The 708-712 Minnesota Avenue location was built in 1908 and was known for being home to a retail location of Wallins' Grocery Company during World War I and into the 1920’s before housing other retail stores. It was situated within a busy hub of activity as the long-standing Kansas City main post office was on the block and it was home to a Montgomery Ward’s retail store. Additionally, a busy streetcar line terminated at the corner making travel to theatre a snap and visibility high. Stanley W. Schwartz and W.D. Fulton felt that Depression-era downtown Kansas City needed a new type of theatre on the Kansas side of the Mississippi - a discount grind house operating from morning until late night.
And that’s just what Fulton created with their State Theatre which began from its outset with morning shows, purportedly the first venue to offer morning movies in KC, KS. It opened at 10:30 a.m. and grinded the day’s show / film prints all the way until 11:30 p.m. continuously. Opening day, September 6, 1935 was mobbed with patrons with all 425 seats taken at the launch. It was a good start for the Schwartz and Fulton’s eighth theatre in the metro area. (Note: Trade press reports of 500 seats in the venue are in error.)

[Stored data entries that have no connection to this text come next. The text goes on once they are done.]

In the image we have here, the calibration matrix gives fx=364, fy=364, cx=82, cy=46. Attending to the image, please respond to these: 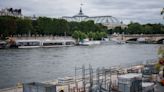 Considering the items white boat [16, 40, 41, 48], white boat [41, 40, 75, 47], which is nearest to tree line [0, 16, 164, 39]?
white boat [16, 40, 41, 48]

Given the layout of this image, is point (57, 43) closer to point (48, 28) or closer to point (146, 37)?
point (48, 28)

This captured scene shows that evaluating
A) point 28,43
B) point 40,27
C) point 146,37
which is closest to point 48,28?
point 40,27

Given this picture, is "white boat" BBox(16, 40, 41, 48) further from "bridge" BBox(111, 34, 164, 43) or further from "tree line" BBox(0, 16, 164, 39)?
"bridge" BBox(111, 34, 164, 43)

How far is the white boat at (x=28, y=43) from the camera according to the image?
3430 inches

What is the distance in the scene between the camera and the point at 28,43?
90438 millimetres

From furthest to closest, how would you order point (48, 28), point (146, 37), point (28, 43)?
point (146, 37), point (48, 28), point (28, 43)

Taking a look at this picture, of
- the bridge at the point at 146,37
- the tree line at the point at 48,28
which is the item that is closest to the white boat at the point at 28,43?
the tree line at the point at 48,28

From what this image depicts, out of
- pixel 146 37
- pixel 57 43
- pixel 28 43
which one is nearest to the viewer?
pixel 28 43

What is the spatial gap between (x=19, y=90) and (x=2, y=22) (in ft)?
231

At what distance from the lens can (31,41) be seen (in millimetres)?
90938

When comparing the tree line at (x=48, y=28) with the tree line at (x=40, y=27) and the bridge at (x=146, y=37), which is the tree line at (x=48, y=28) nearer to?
the tree line at (x=40, y=27)

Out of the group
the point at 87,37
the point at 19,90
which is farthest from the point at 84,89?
the point at 87,37

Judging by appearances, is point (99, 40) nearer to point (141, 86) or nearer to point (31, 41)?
point (31, 41)

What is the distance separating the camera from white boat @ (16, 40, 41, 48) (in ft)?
286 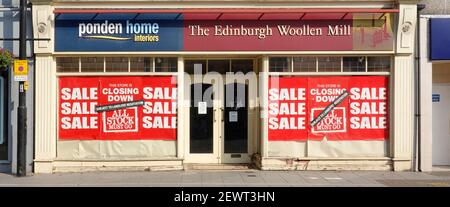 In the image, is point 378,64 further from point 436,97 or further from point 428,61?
point 436,97

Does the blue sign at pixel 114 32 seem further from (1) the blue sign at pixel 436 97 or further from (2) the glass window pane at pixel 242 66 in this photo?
(1) the blue sign at pixel 436 97

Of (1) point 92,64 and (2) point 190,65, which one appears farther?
(2) point 190,65

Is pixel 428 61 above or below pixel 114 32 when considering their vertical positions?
below

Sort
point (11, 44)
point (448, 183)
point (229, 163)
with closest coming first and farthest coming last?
point (448, 183), point (11, 44), point (229, 163)

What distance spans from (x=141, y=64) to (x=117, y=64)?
556mm

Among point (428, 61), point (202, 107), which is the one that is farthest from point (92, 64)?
point (428, 61)

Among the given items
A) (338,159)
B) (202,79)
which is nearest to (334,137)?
(338,159)

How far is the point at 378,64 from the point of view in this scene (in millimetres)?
13266

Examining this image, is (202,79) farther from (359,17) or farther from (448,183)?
(448,183)

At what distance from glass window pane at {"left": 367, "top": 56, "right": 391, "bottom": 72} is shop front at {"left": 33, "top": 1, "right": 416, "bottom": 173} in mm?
23

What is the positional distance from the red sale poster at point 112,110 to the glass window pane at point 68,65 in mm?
212

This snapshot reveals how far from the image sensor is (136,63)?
13172mm

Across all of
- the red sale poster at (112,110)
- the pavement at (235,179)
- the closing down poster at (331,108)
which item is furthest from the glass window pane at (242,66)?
the pavement at (235,179)

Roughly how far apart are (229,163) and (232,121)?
1.01 meters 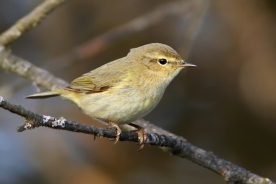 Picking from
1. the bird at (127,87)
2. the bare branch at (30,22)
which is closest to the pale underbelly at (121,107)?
the bird at (127,87)

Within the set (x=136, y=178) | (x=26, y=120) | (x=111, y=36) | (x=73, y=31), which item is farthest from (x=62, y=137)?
(x=26, y=120)

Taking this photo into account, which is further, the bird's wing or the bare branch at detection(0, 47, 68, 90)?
the bare branch at detection(0, 47, 68, 90)

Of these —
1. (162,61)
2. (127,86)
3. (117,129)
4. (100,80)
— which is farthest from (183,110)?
(117,129)

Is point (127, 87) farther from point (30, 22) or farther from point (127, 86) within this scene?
point (30, 22)

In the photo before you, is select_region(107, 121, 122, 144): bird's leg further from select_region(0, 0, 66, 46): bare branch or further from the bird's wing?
select_region(0, 0, 66, 46): bare branch

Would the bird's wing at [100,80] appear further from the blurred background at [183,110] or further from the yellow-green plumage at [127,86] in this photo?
the blurred background at [183,110]

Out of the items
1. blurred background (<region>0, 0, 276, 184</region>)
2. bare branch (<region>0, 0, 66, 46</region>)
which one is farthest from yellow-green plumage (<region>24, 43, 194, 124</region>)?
blurred background (<region>0, 0, 276, 184</region>)

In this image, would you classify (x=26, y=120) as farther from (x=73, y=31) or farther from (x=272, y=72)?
(x=73, y=31) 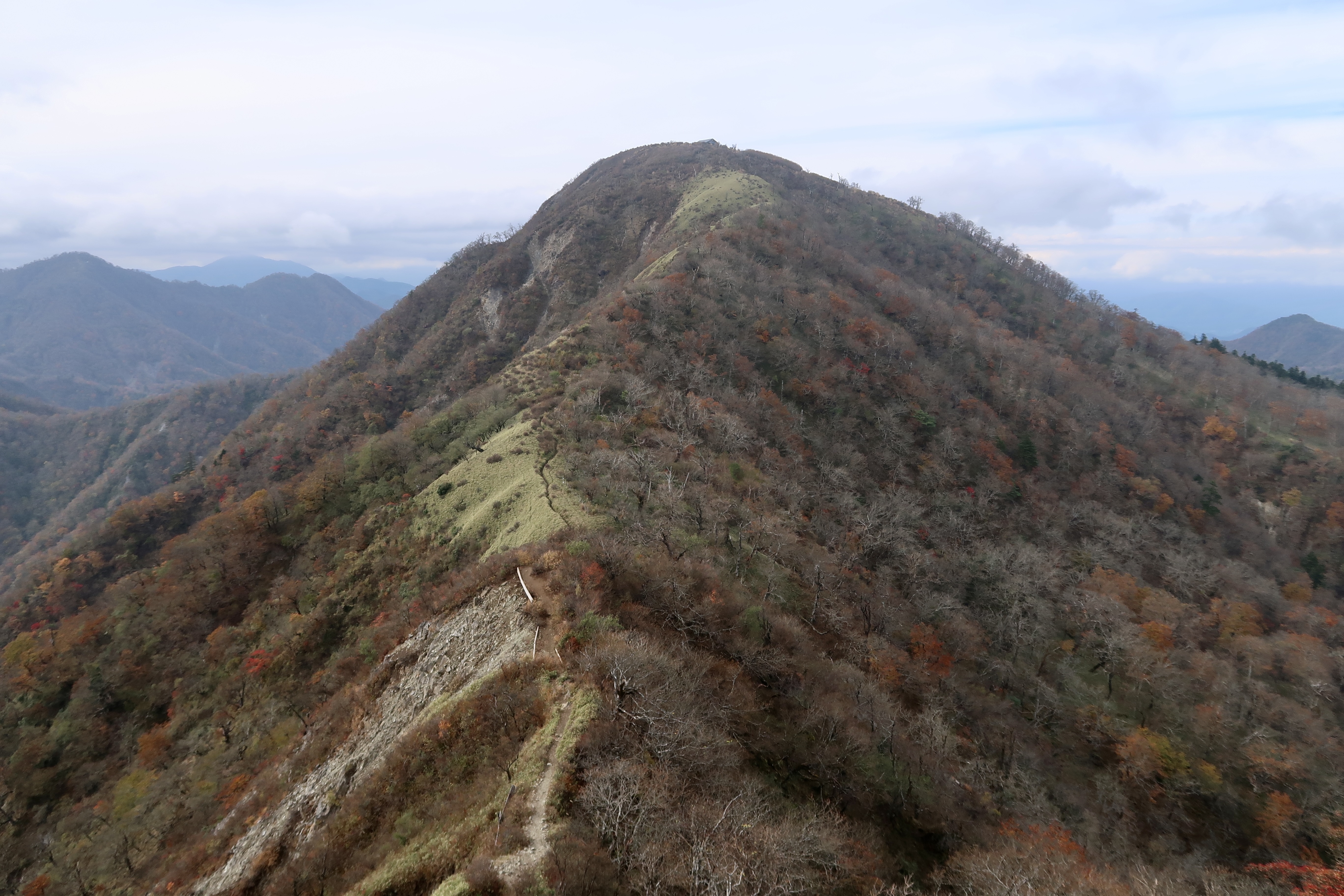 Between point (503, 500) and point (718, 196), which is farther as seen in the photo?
point (718, 196)

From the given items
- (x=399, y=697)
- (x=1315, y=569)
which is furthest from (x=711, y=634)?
(x=1315, y=569)

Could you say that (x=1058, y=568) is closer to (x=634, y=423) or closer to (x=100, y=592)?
(x=634, y=423)

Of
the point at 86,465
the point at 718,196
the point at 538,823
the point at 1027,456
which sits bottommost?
the point at 86,465

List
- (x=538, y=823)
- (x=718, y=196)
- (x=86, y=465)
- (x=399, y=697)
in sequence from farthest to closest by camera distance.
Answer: (x=86, y=465) < (x=718, y=196) < (x=399, y=697) < (x=538, y=823)

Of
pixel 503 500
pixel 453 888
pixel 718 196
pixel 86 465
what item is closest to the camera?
pixel 453 888

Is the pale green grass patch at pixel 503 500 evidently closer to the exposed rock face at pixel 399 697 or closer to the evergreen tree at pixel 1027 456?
the exposed rock face at pixel 399 697

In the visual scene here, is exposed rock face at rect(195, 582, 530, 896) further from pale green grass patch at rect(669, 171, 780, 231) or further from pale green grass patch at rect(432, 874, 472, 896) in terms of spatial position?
pale green grass patch at rect(669, 171, 780, 231)

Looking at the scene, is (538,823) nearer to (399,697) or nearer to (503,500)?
(399,697)

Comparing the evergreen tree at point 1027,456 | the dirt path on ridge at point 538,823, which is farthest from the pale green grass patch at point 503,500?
the evergreen tree at point 1027,456
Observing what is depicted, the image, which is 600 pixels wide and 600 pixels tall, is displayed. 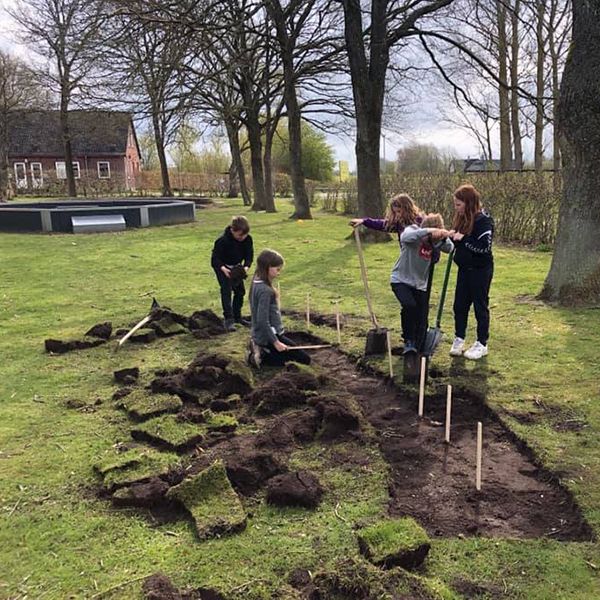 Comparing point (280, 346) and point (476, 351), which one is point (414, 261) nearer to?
point (476, 351)

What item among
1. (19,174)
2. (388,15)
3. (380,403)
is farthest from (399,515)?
(19,174)

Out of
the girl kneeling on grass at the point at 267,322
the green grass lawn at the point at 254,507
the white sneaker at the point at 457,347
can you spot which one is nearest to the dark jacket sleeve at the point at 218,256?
the green grass lawn at the point at 254,507

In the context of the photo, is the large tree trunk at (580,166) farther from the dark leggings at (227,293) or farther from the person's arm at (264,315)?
the person's arm at (264,315)

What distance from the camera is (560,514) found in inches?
139

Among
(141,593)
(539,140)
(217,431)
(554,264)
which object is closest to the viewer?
(141,593)

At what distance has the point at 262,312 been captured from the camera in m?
6.00

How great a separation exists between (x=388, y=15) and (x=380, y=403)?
13690 mm

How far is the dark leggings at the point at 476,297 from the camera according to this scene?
20.6ft

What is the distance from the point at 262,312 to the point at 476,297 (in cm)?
225

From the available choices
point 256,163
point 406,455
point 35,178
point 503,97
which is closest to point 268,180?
point 256,163

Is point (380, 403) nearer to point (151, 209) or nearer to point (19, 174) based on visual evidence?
point (151, 209)

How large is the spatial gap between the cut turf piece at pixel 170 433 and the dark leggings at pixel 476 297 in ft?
10.5

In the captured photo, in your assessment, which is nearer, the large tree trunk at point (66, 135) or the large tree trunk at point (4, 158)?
the large tree trunk at point (66, 135)

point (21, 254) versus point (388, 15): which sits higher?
point (388, 15) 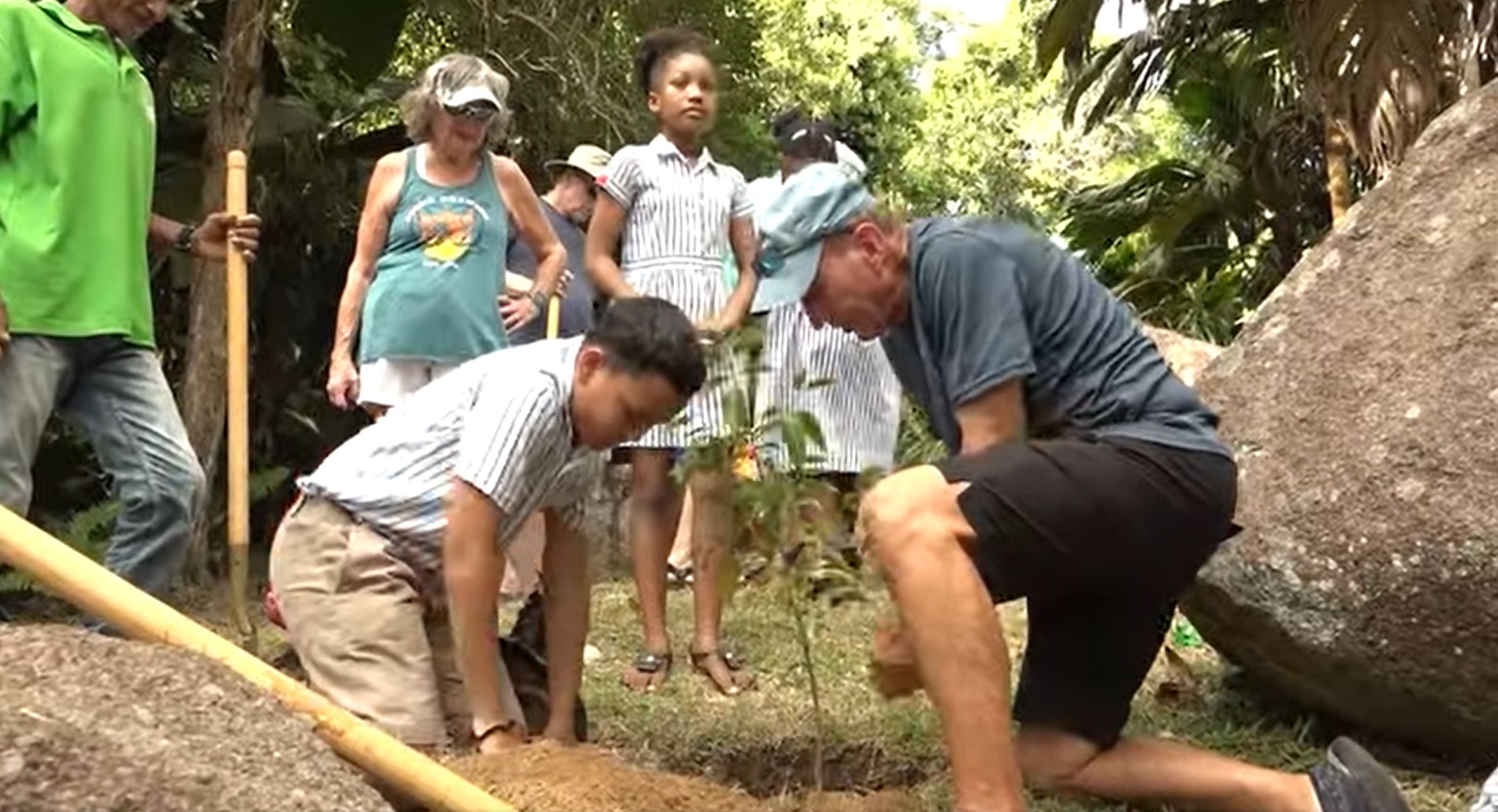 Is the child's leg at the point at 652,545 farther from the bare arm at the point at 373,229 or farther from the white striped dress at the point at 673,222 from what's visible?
the bare arm at the point at 373,229

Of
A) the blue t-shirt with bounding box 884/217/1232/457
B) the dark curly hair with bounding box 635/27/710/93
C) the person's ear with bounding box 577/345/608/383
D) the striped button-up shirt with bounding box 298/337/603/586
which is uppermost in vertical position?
the dark curly hair with bounding box 635/27/710/93

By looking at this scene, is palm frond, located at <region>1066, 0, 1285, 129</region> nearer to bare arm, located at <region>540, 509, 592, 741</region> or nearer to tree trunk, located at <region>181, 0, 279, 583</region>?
tree trunk, located at <region>181, 0, 279, 583</region>

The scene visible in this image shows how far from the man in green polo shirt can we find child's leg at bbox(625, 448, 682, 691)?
1242 mm

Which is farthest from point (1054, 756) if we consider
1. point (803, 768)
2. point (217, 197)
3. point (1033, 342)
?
point (217, 197)

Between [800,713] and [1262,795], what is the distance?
1621 mm

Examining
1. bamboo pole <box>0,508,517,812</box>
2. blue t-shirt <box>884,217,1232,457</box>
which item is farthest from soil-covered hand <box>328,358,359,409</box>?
bamboo pole <box>0,508,517,812</box>

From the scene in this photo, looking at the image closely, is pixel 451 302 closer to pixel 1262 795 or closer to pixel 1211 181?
pixel 1262 795

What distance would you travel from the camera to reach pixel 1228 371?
467cm

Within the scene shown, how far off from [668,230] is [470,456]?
2.04 meters

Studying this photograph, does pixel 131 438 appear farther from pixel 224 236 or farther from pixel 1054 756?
pixel 1054 756

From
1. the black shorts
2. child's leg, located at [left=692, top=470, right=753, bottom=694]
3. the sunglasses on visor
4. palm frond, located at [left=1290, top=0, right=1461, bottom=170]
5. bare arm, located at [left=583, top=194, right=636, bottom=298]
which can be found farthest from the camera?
palm frond, located at [left=1290, top=0, right=1461, bottom=170]

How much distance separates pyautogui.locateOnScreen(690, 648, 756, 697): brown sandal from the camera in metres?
5.26

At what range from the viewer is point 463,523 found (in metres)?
3.84

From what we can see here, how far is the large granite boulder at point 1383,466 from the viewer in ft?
13.1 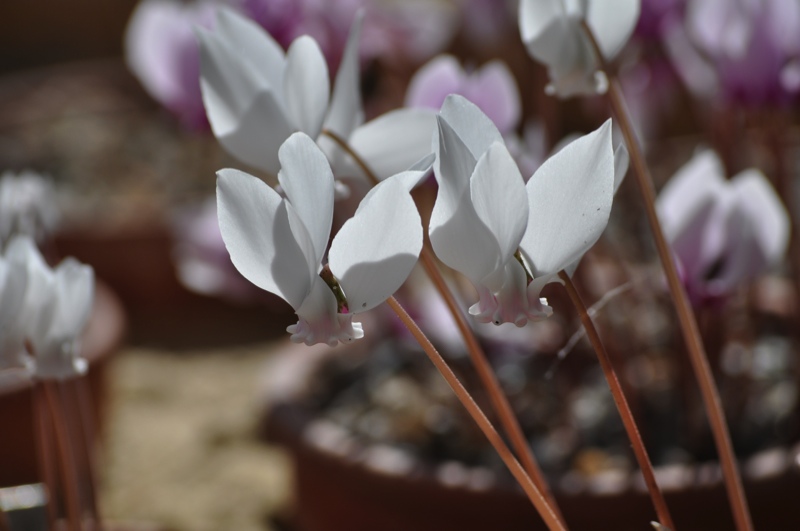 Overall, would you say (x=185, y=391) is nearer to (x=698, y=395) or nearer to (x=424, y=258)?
(x=698, y=395)

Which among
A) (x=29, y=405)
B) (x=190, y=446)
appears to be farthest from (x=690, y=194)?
(x=190, y=446)

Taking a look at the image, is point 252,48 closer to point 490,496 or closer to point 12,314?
point 12,314

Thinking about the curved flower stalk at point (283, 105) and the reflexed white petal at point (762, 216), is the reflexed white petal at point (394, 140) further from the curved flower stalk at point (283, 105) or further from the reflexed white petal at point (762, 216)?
the reflexed white petal at point (762, 216)

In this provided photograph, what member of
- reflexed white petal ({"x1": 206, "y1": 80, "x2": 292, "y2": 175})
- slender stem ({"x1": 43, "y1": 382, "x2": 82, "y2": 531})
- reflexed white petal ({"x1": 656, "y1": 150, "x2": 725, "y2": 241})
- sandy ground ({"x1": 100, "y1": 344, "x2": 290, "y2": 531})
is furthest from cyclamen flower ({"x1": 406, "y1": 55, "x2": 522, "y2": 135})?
sandy ground ({"x1": 100, "y1": 344, "x2": 290, "y2": 531})

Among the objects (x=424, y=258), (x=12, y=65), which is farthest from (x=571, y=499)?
(x=12, y=65)

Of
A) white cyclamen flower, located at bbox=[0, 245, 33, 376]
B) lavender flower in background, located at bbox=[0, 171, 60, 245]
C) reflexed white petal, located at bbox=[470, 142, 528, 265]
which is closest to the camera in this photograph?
reflexed white petal, located at bbox=[470, 142, 528, 265]

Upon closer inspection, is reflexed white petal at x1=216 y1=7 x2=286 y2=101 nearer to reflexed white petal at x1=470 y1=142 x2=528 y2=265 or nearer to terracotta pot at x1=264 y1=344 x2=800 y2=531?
reflexed white petal at x1=470 y1=142 x2=528 y2=265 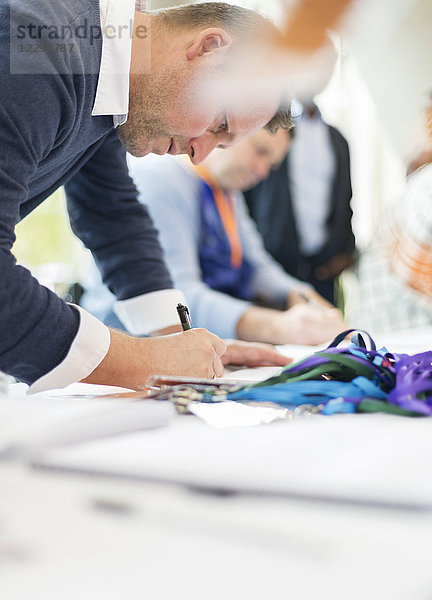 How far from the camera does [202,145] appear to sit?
3.51 ft

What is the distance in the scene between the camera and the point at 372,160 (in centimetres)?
356

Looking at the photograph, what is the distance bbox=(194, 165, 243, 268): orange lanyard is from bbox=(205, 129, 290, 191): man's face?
2 centimetres

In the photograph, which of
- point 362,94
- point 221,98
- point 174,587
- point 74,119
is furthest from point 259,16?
point 362,94

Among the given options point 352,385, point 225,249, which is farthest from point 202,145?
point 225,249

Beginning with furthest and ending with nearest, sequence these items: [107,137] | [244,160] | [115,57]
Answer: [244,160], [107,137], [115,57]

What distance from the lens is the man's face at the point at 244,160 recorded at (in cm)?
177

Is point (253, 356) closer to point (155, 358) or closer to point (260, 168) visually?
point (155, 358)

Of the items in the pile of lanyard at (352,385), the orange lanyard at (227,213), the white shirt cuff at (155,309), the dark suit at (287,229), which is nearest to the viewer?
the pile of lanyard at (352,385)

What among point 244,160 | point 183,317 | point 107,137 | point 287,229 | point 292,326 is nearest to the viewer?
point 183,317

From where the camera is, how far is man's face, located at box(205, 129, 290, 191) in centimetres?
177

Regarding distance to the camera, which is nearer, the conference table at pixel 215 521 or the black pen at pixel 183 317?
the conference table at pixel 215 521

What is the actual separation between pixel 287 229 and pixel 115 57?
1.65 metres

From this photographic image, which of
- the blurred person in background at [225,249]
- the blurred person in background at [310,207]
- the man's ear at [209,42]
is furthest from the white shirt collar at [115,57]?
the blurred person in background at [310,207]

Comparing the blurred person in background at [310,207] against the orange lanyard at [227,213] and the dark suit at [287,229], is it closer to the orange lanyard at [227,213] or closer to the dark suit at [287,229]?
the dark suit at [287,229]
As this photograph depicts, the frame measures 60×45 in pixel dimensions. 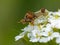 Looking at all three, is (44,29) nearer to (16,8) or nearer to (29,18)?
(29,18)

Patrons and passers-by agreed that the State Theatre had some degree of levity with its attractor going for unique phrasing of bookings including, “Parole. It’s a Gift" and “Mae West Goin’ to Town with Select Shorts” among them. But, sadly, as it reached the 1950’s, the State Theatre came out on the wrong side of history. Three African-American students from, then, Sumner High School were denied permission to purchase tickets at the State Theatre’s box office in March of 1950. Knowing that it was a misdemeanor to not admit them, the three students went next door to Montgomery Ward’s to use their public pay phone and try to get results. The theatre did not allow the students in that day and owner W.D. Fulton blamed the city’s ordinance permitting African-Americans into the theatre as the chief reason that he had closed one theatre and would close the State Theatre less than five years later.
The State Theatre closed in 1954 as the 20-year leasing period was expiring. Retailer W.T. Grant purchased the site for a new store and the State Theatre building was razed in 1955. Viewing photographs of the demolition showed a disregard for safety with people injured and cars damaged when chunks of the former State toppled on the sidewalk and street on two separate occasions (see photos tab).
So while the State Theatre may have started up and became known for its innovative discount a.m. to night owl grind policy, it left a bad taste with its later-term policies right through to its demolition. The next building housing Grant’s opened on October 13, 1955 but closed along with the chain two decades later. However, the structure was still standing and quite identifiable in the 2020’s though now known as Pylon Plaza. It had switched from retail to office space.